Specific surface area was obtained by using nitrogen adsorption and the Brunauer–Emmet–Teller (BET) model (Quantachrome Autosorb iQ2, Boynton Beach, FL, USA), and the samples were degassed in a sample cell under vacuum at 110 °C for 24 h before measurement. Microstructure was observed with a scanning electron microscope (SEM, Hitachi SU1510, Tokyo, Japan), and the samples were crushed into small pieces and scattered onto sample stage with a conductive silver paste before observation. FTIR spectra (FT-IR, Nicolet is50, Thermo Fisher Scientific, Waltham, MA, USA) were obtained in the wavenumber range of 4000–425 cm−1, with a resolution of 4 cm−1 and 64 scans. The crystal structure of the monoliths was characterized by X-ray powder diffraction (XRD) (Rigaku Miniflex 600, Tokyo, Japan) with Cu Kα radiation (λ = 1.54 Å). Stress–strain curve on the uniaxial compression test was obtained by a universal material experiment machine (Instron 2365, Norwood, MA, USA), using cylindrical-shaped samples, and compression tests were conducted at a crosshead speed of 1 mm/min until the force reached 50 N. The contact angle was obtained by the sessile drop method, using high-purity water by contact angle meter (JC2000D, Beijing Zhongyi Kexin Technology Co., Ltd., China).

3. Results and Discussion

3.1. Formability Studies

VTMS was only used as a co-precursor to improve the mechanical properties of silica aerogels in previous works [18]. In this work, an ambient-pressure-dried VTMS-based single-precursor monolithic aerogel-like material was prepared by a rare-earth-assisted process. Na(I), Mg(II), and Fe(III) were selected as representative univalent, divalent, and trivalent metals, respectively, and La(III), Gd(III), and Ho(III) were selected as representative light, medium, and heavy rare earths to explore the role of rare earths in monoliths formation. All samples in Figure 1 were prepared with the same conditions, except for the type of metal ion. All of these components were prepared at least three times and showed good reproducibility. The wet-gel did not form and, so the polymer precipitates during the polycondensation process went without the addition of a metal ion; thus, a monolithic aerogel-like material cannot be obtained, and the dried product is shown to the far left in Figure 1g. Moreover, with the addition of nonrare earth metal ions, the products were cracked and fragile (Figure 1a–c). In contrast, as shown in Figure 1d–f, with the addition of rare earth ions, the products maintained a relatively intact appearance and uniform surface morphology, indicating that rare earths play a significant role in monolithic aerogel formation. SEM–EDS was employed to visualize the distribution of rare earth in the skeleton particles. The elemental distribution maps (Figure 2c) showed that rare earth was uniformly distributed. The interesting phenomenon can be explained by the fact that the hydrolyzed rare earth cations are first nucleated, and then the hydrolyzed silanes are linked around them and extend to form a three-dimensional network. The rare earth ions promote the gelation process and increase the degree of cross-linking likely due to their large ion radius, and the high coordination number increased the probability of combining with sol particles, endowing the monoliths with better formability. However, the specific mechanism of the reaction remains to be further studied in our future works. Given the rare earth reserves and preparation cost, La with large quantity and low price was selected as the additive in following experiment.
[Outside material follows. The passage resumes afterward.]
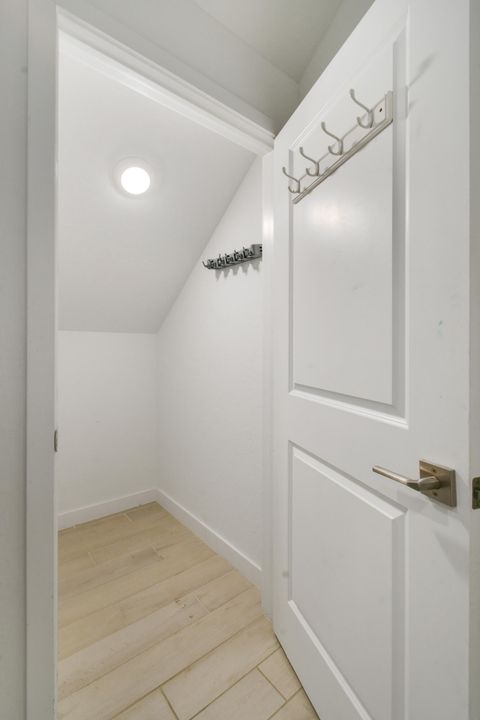 Activo con contrato: $839,000 (5 camas, 3 baños, 2720 Pies cuadrados)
3.2. Physical Properties Studies

To investigate the influence of the solvent composition on the physical properties of the ambient-pressure-dried products, different proportions of water and ethanol were compared, as shown in Table 1 (all of the tests in Table 1 were conducted at three times and averaged). Samples obtained from different solvent composition were named S1 to S6 (the S is expressed as sample). It was obvious that the proportions of water and ethanol had a significant effect on the properties of the products. For S1, the solvent was only water with no ethanol, and gelation did not occur within 24 h, which could be explained by the fact that VTMS was not effectively hydrolyzed, preventing the polycondensation process. As water and VTMS are partially immiscible, additional organic solvent is needed to homogenize the mixture [11]. For S6, the solvent was only ethanol with no water, and, interestingly, phase separation did not occur in the polycondensation stage. This may be attributed to the hydrolyzation of the rare earth chlorides promoting the miscibility of VTMS in water. S6 showed minimal shrinkage and the lowest bulk density of the samples, but it appeared weak and brittle compared to S3, which also showed low shrinkage and a low density, but exhibited good flexibility, at the same time. The solvent composition for S3 was selected for the following experiments.
Brittleness is the biggest drawback for silica monoliths and greatly limits their application [19]. Traditional silica aerogels are fragile and have poor mechanical strength due to the low connectivity of its colloidal particles, which are spherical and form a pearl-necklace-like structure in which the contact area is extremely small. In this work, the particles were fused with each other to form a well-connected chain rather than the classical pearl-necklace-like structure, as proven by SEM analysis (Figure 2b), which obviously increased the contact area and endowed the products with superior mechanical strength. The uniaxial compressive stress–strain curve for VTMS-based silica aerogel-like monoliths was presented in Figure 3a, and the Young’s modulus reached 0.189 MPa. For instance, a cylindrical aerogel sample with a diameter of 3.3 cm could support a weight of 1629 g (Figure 3b) without apparent cracking. The high compressibility (Figure 3d) and flexibility (Figure 3e) of the aerogels were tested by compressing the samples and then recovering them to their original shape after the pressure was released. As shown in the FTIR spectra (Figure 2d), a number of organic functional groups existed in the original monoliths, but only the Si-O-Si bonds were preserved after thermal treatment at 800 °C. After heating, the thermally treated products lost their flexibility and were hard. The elasticity originated from the flexible organic molecular chains that repelled each other when pressed. As shown in Figure 4, the XRD patterns show a typical wide amorphous SiO2 peak in the range of 20°–25°, and no other characteristic peaks were observed, indicating that the monoliths are amorphous.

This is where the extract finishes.